▶ **Exercise directions**
Please return all of the records verbatim, with the pictures omitted.

Scraped caption text data:
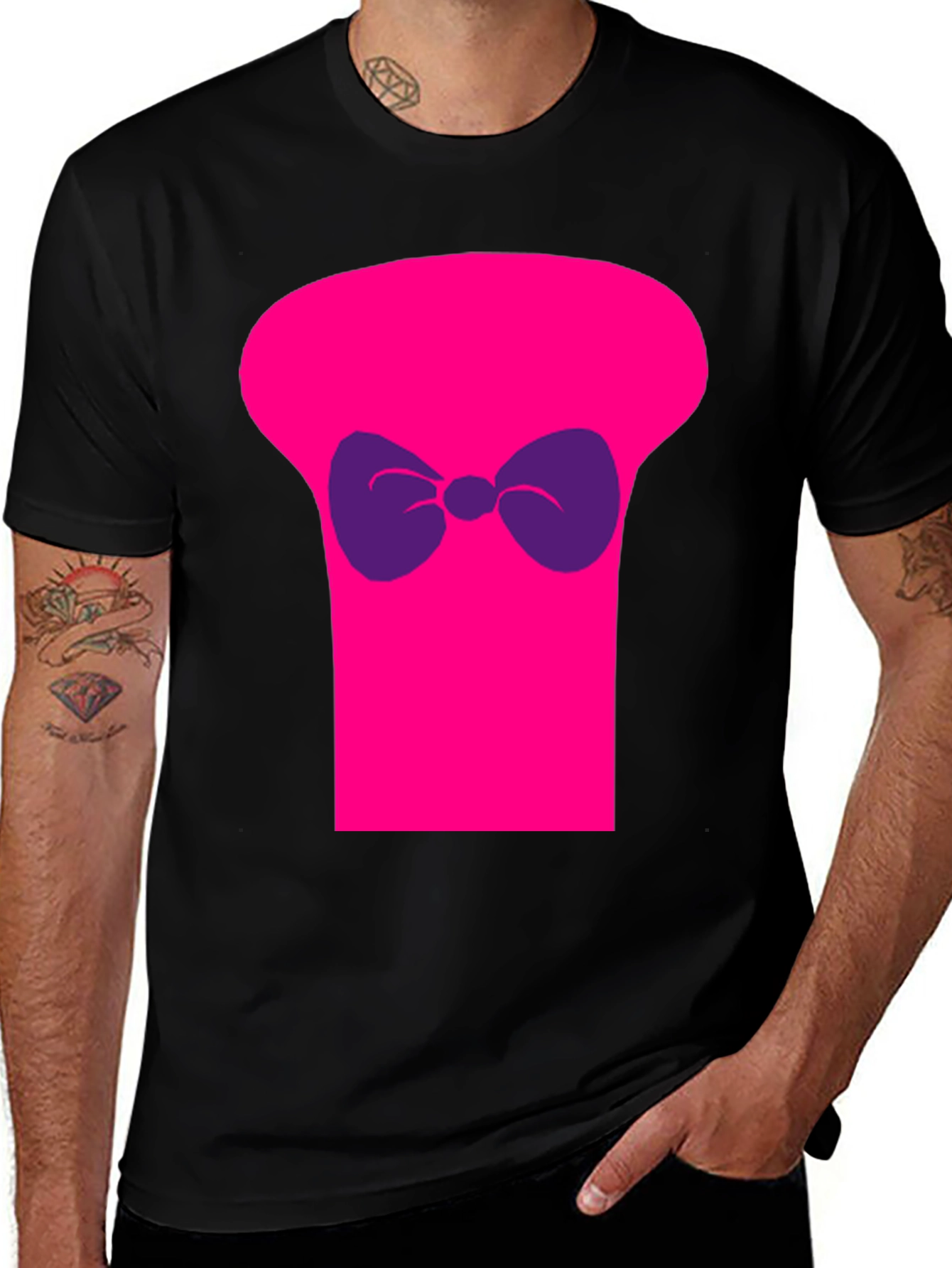 Variant 3 of Funny Pink Top Hat Bow Tie Graphic T-Shirt
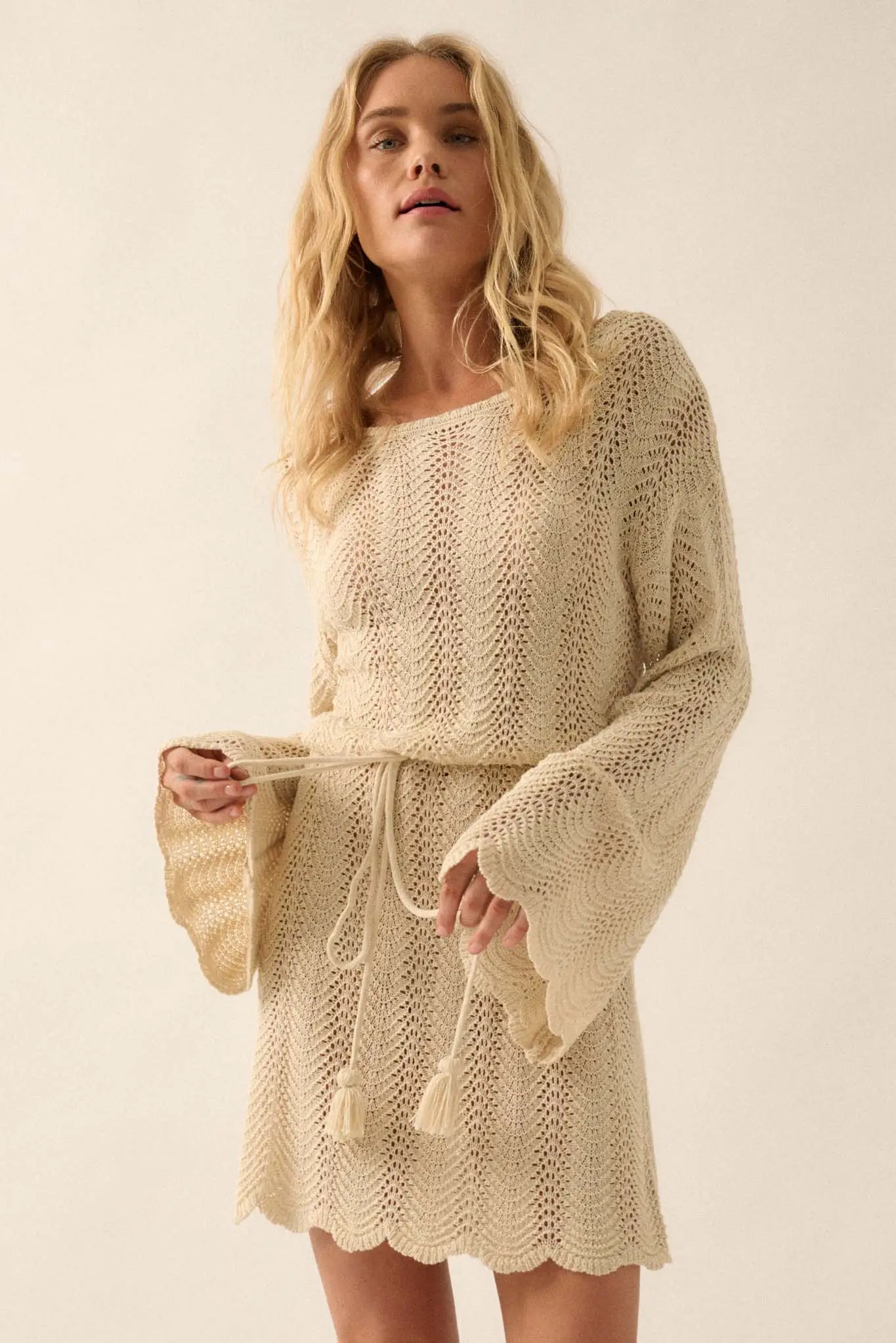 Feeling Fine Crochet Knit Bell-Sleeve Mini Dress - Image 13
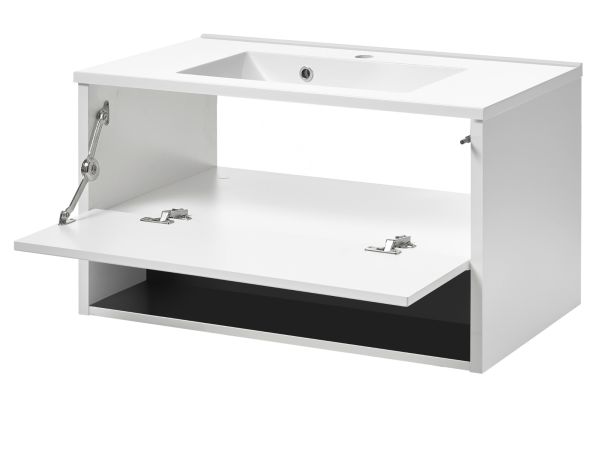 Badmbel Set Glide in wei Hochglanz und grau mit Waschbecken und LED Beleuchtung 80 x 190 cm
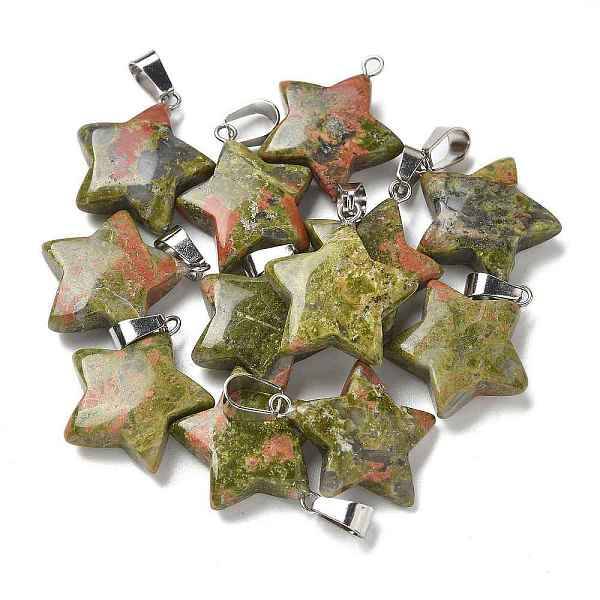 Natural Unakite Pendants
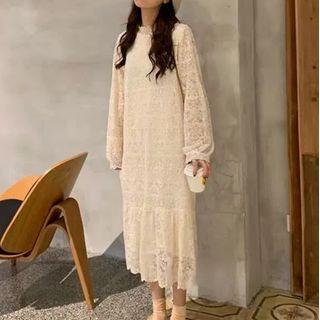 Set: Plain Loose-fit Knit Top + Lace Dress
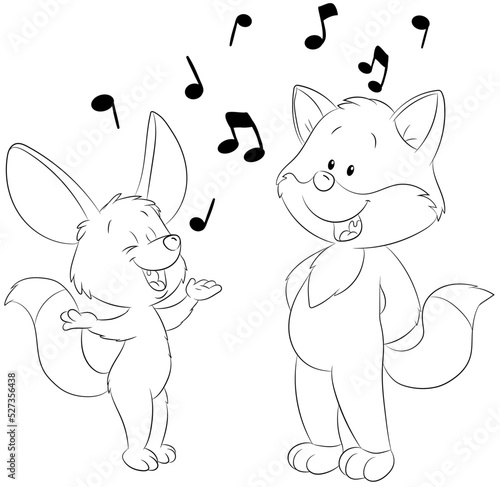 Ein Fuchs und ein Wüstenfuchs singen gemeinsam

▶ **Problem solution**
 Variant 3 of Funny Pink Top Hat Bow Tie Graphic T-Shirt
 Feeling Fine Crochet Knit Bell-Sleeve Mini Dress - Image 13
 Badmbel Set Glide in wei Hochglanz und grau mit Waschbecken und LED Beleuchtung 80 x 190 cm
 Natural Unakite Pendants
 Set: Plain Loose-fit Knit Top + Lace Dress
 Ein Fuchs und ein Wüstenfuchs singen gemeinsam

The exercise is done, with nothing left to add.